The issue of accountability for human rights abuses was of particular relevance in Ethiopia during 1995. About 1,500 officials of the Derg government had been detained since 1991. It was only in mid-December 1994 that the top forty-four political officials, members of the inner circle of the Derg, were formally charged with the torture and murder of thousands of people. The others, mainly high government officials and military personnel, were in custody awaiting indictment for war crimes and murder. The new rulers of Ethiopia maintained that only public trials could end the culture of official impunity that made the crimes of the Derg possible.
It is within a context of civil strife and the emergence of a vibrant and dynamic civil society that many human rights abuses occurred during 1995. The political changes in Ethiopia since 1991 and the prospects of greater regional autonomy had the effect of generating a new dynamic of political participation at the national as well as the local levels. People came forward to express their opinions and to form political parties, civil groups, and organizations in an unprecedented exercise of democratic freedoms.

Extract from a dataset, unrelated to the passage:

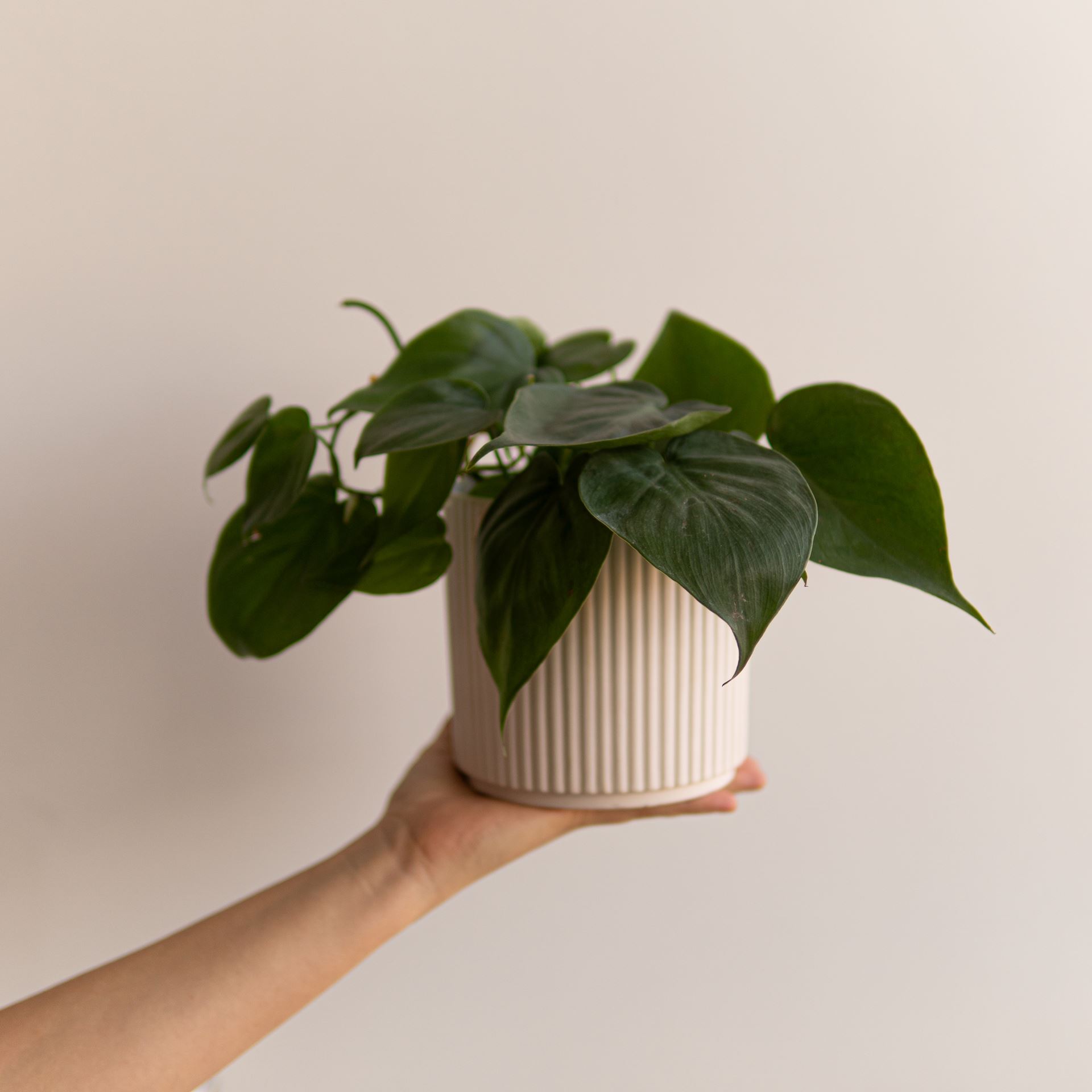 PHILODENDRON SCANDENS GREEN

The Oromo Liberation Front (OLF) broke away from the EPRDF and took up arms against it in 1992, after failing to get a larger share in the TGE. Pockets of armed insurgency persisted in 1995 in various areas of Oromia. In an official communique dated June 18, the Oromo Liberation Front accused the Ethiopian authorities of being responsible for the killing on May 20 of Ali Youssif, one of its leading members, in front of his shop in Addis Ababa. The OLF alleged that this killing was one of a series of assassinations targeting its members and supporters. It cited the death in custody of a twenty-six-year-old farmer, Henok Jonatan, arrested in Najjo, in the western Oromia region, on March 16. He and nine other Oromo prisoners were believed to have been tortured. Similarly, Jafar Ibrahim Utto, a village elder in Kiyyo, in Oborra Province (eastern Oromia), was found dead on April 8 after being detained by pro-government militiamen. Two months earlier, two of his sons had reportedly been arrested, tortured, and murdered by members of the same militia.

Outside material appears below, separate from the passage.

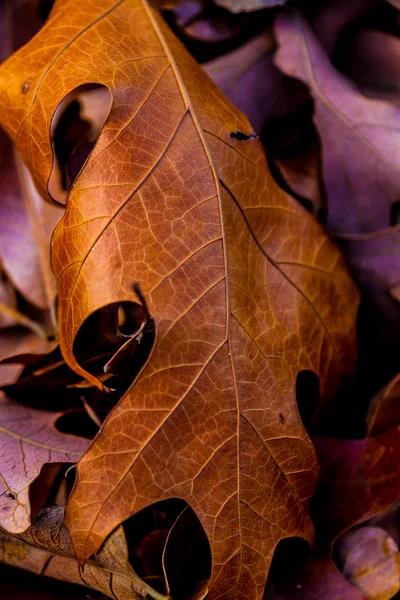 Nahaufnahme von wunderschönem, kompliziertem Herbstlaub. — Stockfoto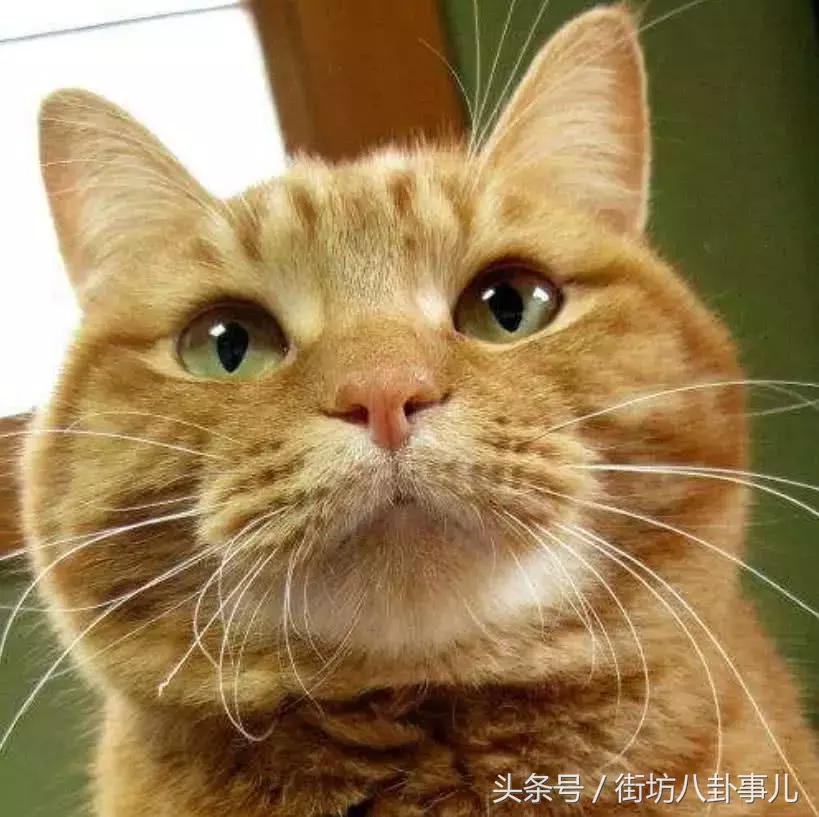 不小心撸掉猫咪的胡子怎么办？主人：悄悄的塞回去，动作要利索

The Amhara, who comprise about 25 percent of Ethiopia's estimated fifty-five million people, traditionally dominated political, cultural, and religious life in Ethiopia. Most political groupings representing them, particularly the All Amhara People's Organization (AAPO), were opposed to the new constitution, arguing that EPRDF policies risked destruction of a long heritage of cultural and political unity that was painstakingly developed over time. Dr. Asrat Woldeyes, a physician and founder and leader of AAPO, continued to serve a five-and-one-half-year prison sentence on charges of conspiracy to organize armed rebellion against the government. AAPO maintained that it is committed to nonviolent political action and that Dr. Woldeyes, and four other members of the organization tried with him, were discussing complaints of abuses by government soldiers and pro-government militia against other AAPO members in the meeting that was the basis for charging them with conspiracy against the government.
Article 29 of the new constitution, as well as the National Charter and the 1992 Press Law, provides for the right to free speech and press. However, many journalists continued to be detained, in most cases without charge. While a number of journalists were released from detention prior to the May elections, twenty-three were still detained by August, of whom fourteen were held without charge or trial. The whereabouts of three other journalists remained unknown. Of these, two have been missing for over a year and were feared to be held secretly by the security services for publishing critical articles. The authorities continued to deny that they arrested them. In July, the jury at the central high court sentenced the editor-in-chief of Zog newspaper to one year's imprisonment for printing "groundless allegations" about developments in the conflict in Oromia, while a second journalist from the same publication was acquitted for lack of evidence.
Following the failed assassination attempt against Egyptian President Hosni Mubarak in Addis Ababa in June, the Ethiopian Free Press Journalists' Association reported a new wave of arrests of journalists in connection with articles about the incident. Mulugetta Lule, vice-chair of EFJA and manager of Tobia magazine, was reported to have been detained for sixty-four hours following an article on the questions raised by the attack about the security of the Organization of African Unity, which has its headquarters in the Ethiopian capital. Lule reportedly was released after a guarantor payed a 10,000 birr bail (around US$2,000), a prohibitive amount when compared to the average monthly salary of a journalist (about 750 birr). Taye Belachew, editor-in-chief of Tobia, reportedly was detained for twenty-one days. Other journalists, from Beza and Roha newspapers among others, were also detained for varying periods in relation to articles on the same incident.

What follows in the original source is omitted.